2 hours ago
09 November 2009
The View from Up Here
Last Wednesday I walked outside to see a truck parked by my neighbor's house, which sits behind ours. There were pallets of shingles in the driveway and men walking all over her roof. My poodle looked at them like they were crazy and at me to see what was going on. It was a beautiful day. The wind flowed through the leaves, bringing with it the sound of hammers and the pleasant feeling of being watched from above.
The process of a new roof is a lot like editing a book. The foundation is built. The structure is place. The building itself is in good condition and has a lot of promise. But there are weak places that need to be fixed, sections of "telling" that have to be removed, word choice needs to be examined. If not fixed, the interior will be exposed to the elements and possibly ruined--or in our case, leave too many weak spots and possibly prevent us from landing that agent.
Okay, so the analogy doesn't fit perfectly. :0)
If my neighbor hadn't been proactive, the next big storm could have done some major damage. She probably didn't have any real warning. After all, the roof's held for many years now. It's not like she gets up there regularly and inspects it. From the ground, the house looks like it's in great shape. But from way up there the view is entirely different.
Sometimes we need to pull ourselves away from our stories. I have to force myself to leave mine alone for extended gaps of time so that I will be able to come back with fresh eyes. It's when we pull away and gain a different perspective that we can see what needs to be done--where our problem areas are, what needs to be tweaked, and of course, what absolutely rocks.

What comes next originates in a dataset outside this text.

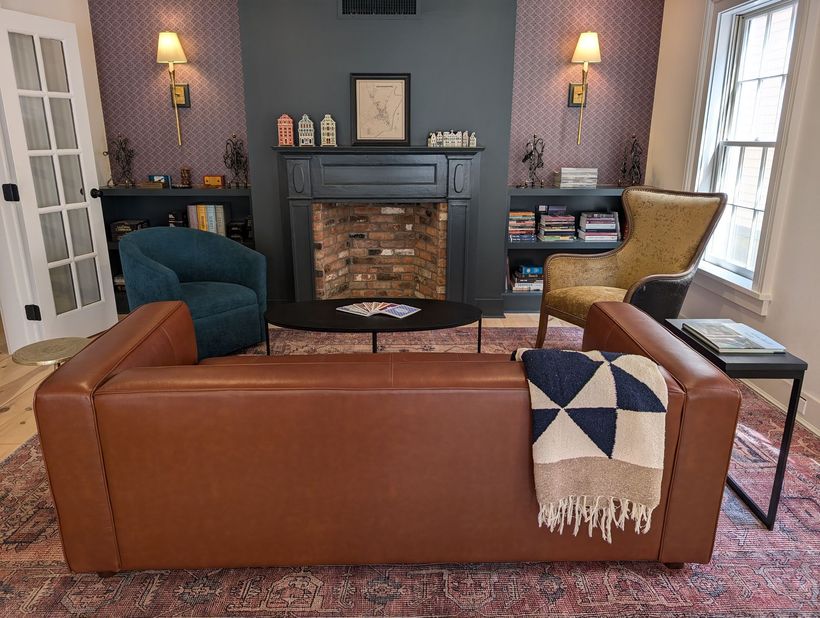 a seating room with large leather couch, a black coffee table and two club chairs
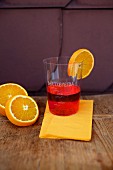 A plastic cup of Campari with a slice of orange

The great thing about going up to the roof is the perspective it brings. All of the sudden we're outside the story again, able to see all the characters as our readers do. Like the picture above, these characters and subplots extend as far as the eye can see. It's our choice to decide what to use, what to ignore, and what to enhance. We can keep the birds' eye view or we can go deeper, strengthening our characters and increasing tension. We get to decide how the story unfolds--until that muse takes over and drops a massive surprise in the middle of our carefully constructed (or not-so-carefully if you're a panster) plots.
Sometimes all we really need is a change in perspective.
See Y'all Wednesday!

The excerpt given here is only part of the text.